What does data-driven mean for people and goods mobility?

Mobility is a fundamental pillar of the economic activity, the territorial activity, and people’s daily lives. Today, the mobility system is facing many challenges:

• Environmental transition and climate change: decreasing mobility carbon footprint and preserving the air quality,

• Resources and budget allocation: the increasing scarcity of public budget is leading to optimizing investments in the transportation infrastructures,

• Technological transformation and new uses: new means of transportation requiring new infrastructures (micro-mobility, shared mobility…).

These three transformations cause large scale issues for public authorities in charge of mobility, for transportation infrastructures operators, and for mobility operators. Decision-making must be guided beforehand to optimize the allocation of resources. A “data-driven” vision has become necessary to bring optimal guidance.

It is no news: data is the new black gold. It is part of our everyday lives, produced regularly in mass by thousands of apps and systems to improve our lives. It is fueling all domains of activity and particularly the mobility sector.

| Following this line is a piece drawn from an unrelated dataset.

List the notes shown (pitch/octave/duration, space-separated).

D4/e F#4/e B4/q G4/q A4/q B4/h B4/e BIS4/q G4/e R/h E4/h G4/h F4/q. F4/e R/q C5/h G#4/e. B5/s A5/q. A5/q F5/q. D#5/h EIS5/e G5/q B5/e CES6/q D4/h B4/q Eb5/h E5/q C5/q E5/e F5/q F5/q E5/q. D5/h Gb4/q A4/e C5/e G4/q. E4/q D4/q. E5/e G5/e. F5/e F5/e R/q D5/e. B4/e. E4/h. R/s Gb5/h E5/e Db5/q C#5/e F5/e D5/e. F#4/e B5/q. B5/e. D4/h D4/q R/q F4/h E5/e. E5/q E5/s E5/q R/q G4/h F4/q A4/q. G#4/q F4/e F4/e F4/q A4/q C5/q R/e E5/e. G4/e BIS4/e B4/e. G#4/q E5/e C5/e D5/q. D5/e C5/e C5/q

The first question that comes to mind is: how is the mobility data collected? Automatic counts (loops, videos, radars, …), localized surveys and GPS and smartphones terminals are common data sources to estimate traffic flows and trips volumes. Data collected from connected vehicles and smartphones (known as FCD or FMD) enables to estimate travel times and flow speed. Mobility carbon footprint accounting is made possible with a fine knowledge of the car fleet and of the pollution caused by each type of vehicles. In other terms, data is a major technological asset to depict real life phenomena. Data is a door opener to bring informed guidance on transformation strategies and to tackle mobility challenges.

Optimizing mobility system and mobility flows with data is a process that can be based on two different approaches: statistics and modeling. The statistics approach is about mobility data processing with technologies and methods coming from data science and artificial intelligence (machine learning, for example). It focuses on historical datasets to dig out key indicators and generates predictions on eventual future situations. The modeling approach is about building a model of the mobility system recreating the entire interaction between the offer (network) and the demand (traffic flows and people trips). This model recreates virtually the whole flows in the mobility network and is calibrated to a referent situation, built thanks to a partial knowledge of the said situation.

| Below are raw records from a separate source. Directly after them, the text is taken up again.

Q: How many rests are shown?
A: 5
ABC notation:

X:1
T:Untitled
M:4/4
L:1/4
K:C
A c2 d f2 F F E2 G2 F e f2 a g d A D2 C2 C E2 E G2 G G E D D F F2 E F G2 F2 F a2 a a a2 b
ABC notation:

Regarding the statistical approach, once the data is collected and provided, it is about processing and analyzing it to dig out relevant information. This information is then classified to show occurrences of similar phenomena. This classification relies on artificial intelligence and machine learning technologies to highlight multiple similar and recurring phenomena, from which indicators are picked up to support the decision-making. The statistical approach not only help to understand the causes of a phenomenon, but also its consequences. It is about projecting future situations from an observed one at present time and from the understanding of the past occurrences.

However, it is important to nuance the benefits of the statistical approach as its strength depends on the recurrence of the observed phenomenon: the more the phenomenon happens, the more relevant the statistics are and the more substantial they will be to the decision-making.

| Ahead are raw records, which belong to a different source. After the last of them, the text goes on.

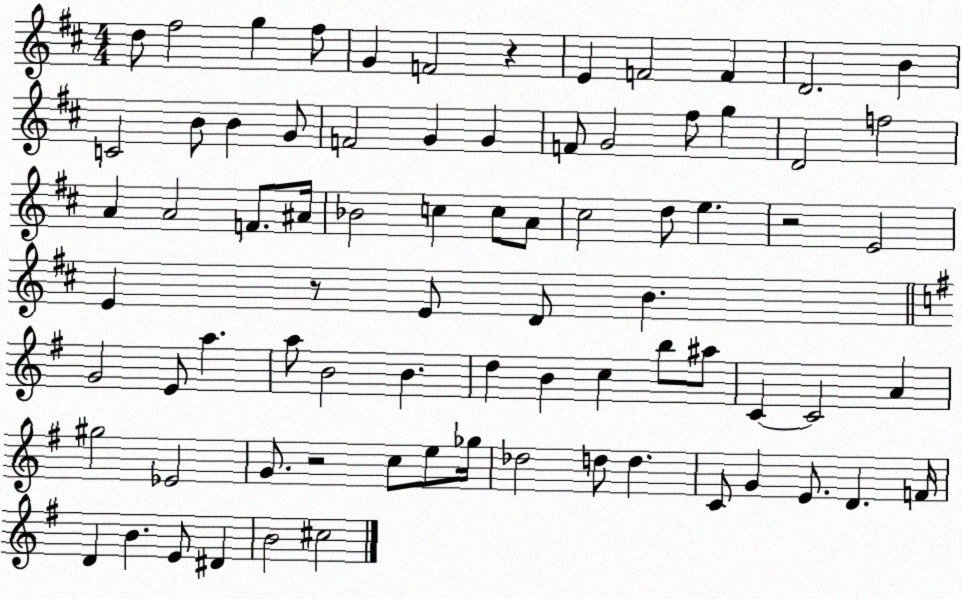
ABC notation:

X:1
T:Untitled
M:4/4
L:1/4
K:D
d/2 ^f2 g ^f/2 G F2 z E F2 F D2 B C2 B/2 B G/2 F2 G G F/2 G2 ^f/2 g D2 f2 A A2 F/2 ^A/4 _B2 c c/2 A/2 ^c2 d/2 e z2 E2 E z/2 E/2 D/2 B G2 E/2 a a/2 B2 B d B c b/2 ^a/2 C C2 A ^g2 _E2 G/2 z2 c/2 e/2 _g/4 _d2 d/2 d C/2 G E/2 D F/4 D B E/2 ^D B2 ^c2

With the simulation digital twin approach, a digital model of the mobility system is built with available data sets and reproduces static or dynamic flows in the network (road traffic for example) to simulate a real phenomenon in a virtual environment and evaluate it in different scenarios. This digital representation of a physical reality enables to simulate scenarios which would require overly high financial investments (reorganizing crossroads for example) or logistics too complex (a special traffic management measure) to be tested in the real world before their deployment. We are then able to model and simulate traffic management operations to evaluate their operational efficiency and optimize them if necessary. The digital twin can predict situations even if they were never observed in the past, and this is its strength compared to the statistical approach. For example, one would be able to simulate the impact of an accident on a given traffic lane, even though this phenomenon never occurred in the past. With mapping visualization and dashboards, the simulation digital twin provides easy-to-use tools and key insights in a cloud-operated platform.

Though these two approaches bring guidance on their own, they won’t be as relevant according to the question to answer: if the need is to understand causes and consequences of recurrent and predictable phenomena, the artificial intelligence approach will be bringing accurate and appropriate answers. On the other hand, if one wants to predict consequences from a phenomenon that never happened before and of which we have no data on similar situations, the digital twin will be more efficient. Nevertheless, the key point to maximize the benefits of these two approaches is the synergy they offer when used in tandem. It is still a very innovative practice on the market today.

And yet, easy-to-use software solutions are available on the market. They knock down the technological barriers by combining a data aggregator module, artificial intelligence-based tools, modeling, simulating, and predicting engines with advanced computing and collaborative capabilities of cloud-based architectures.